Friday September 24, 2021

WTO finds US tariffs on China breach global trade rules

September 16, 2020

By Monitoring Desk

Geneva: The World Trade Organization undercut the main justification for President Donald Trump’s trade war against China, saying that American tariffs on Chinese goods violate international rules.

A panel of three WTO trade experts on Tuesday said the US broke global regulations when it imposed tariffs on Chinese goods in 2018. Washington has imposed levies on $400 billion in Chinese exports.

A panel of experts set up by WTO´s Dispute Settlement Body ruled the tariffs "inconsistent" with global trade rules, and recommended that the United States "bring its measures into conformity with its obligations".

The panel was created in January last year to review US President Donald Trump´s decision to hit China with tariffs on a quarter of a trillion dollars´ worth of goods.

The panel said in its report “that the United States had not met its burden of demonstrating that the measures are provisionally justified.”

While the ruling bolsters Beijing’s claims, Washington can effectively veto the decision by lodging an appeal at any point in the next 60 days. That’s because the Trump administration has already paralyzed the WTO’s appellate body, a tactic that has rendered toothless the world’s foremost arbiter of trade.

Tariffs, by percentage rate, imposed by the U.S. and China on each other since March 2018.

The US responded defiantly to the WTO report criticizing President Donald Trump´s tariffs on China, blasting the organization as "completely inadequate" in holding Beijing accountable.

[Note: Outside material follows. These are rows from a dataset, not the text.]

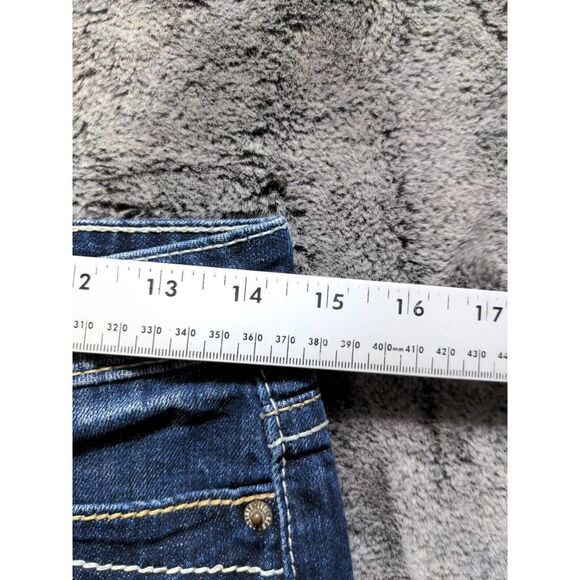 Aeropostale Cut Off Women's Shorts Size 3/4 Dark Wash - Picture 3 of 11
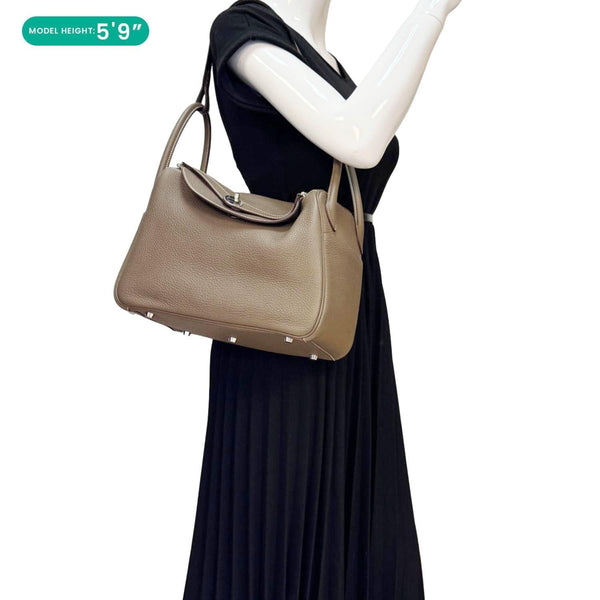 HERMES Lindy 30 Taurillon Clemence Leather Shoulder Bag Taupe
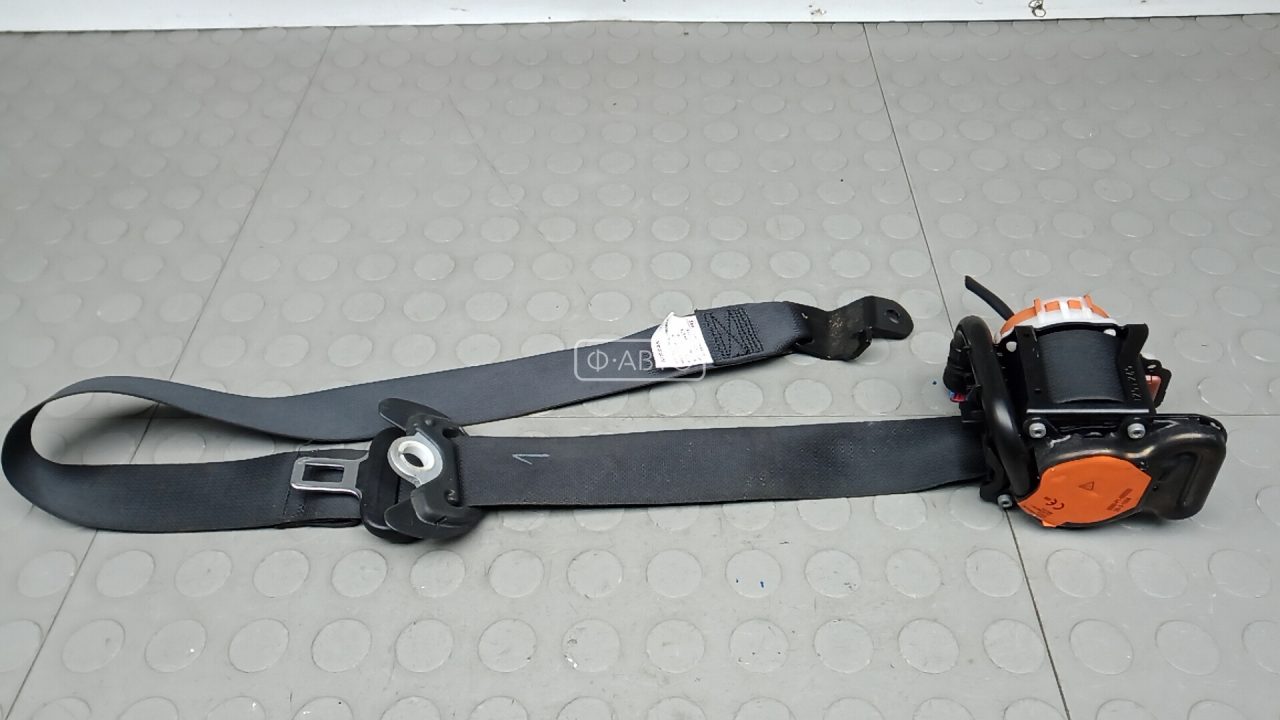 Ремень безопасности с пиропатроном сиденья переднего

"The United States must be allowed to defend itself against unfair trade practices, and the Trump administration will not let China use the WTO to take advantage of American workers, businesses, farmers, and ranchers," US Trade Representative Robert Lighthizer said in a statement.

China said it hoped the United States would respect the rulings of the WTO and take practical actions to maintain the multilateral trading system, the country’s commerce ministry said.

The panel found that the duties were inconsistent with trading rules because they applied only to China and were above the maximum rates to which the United States had committed.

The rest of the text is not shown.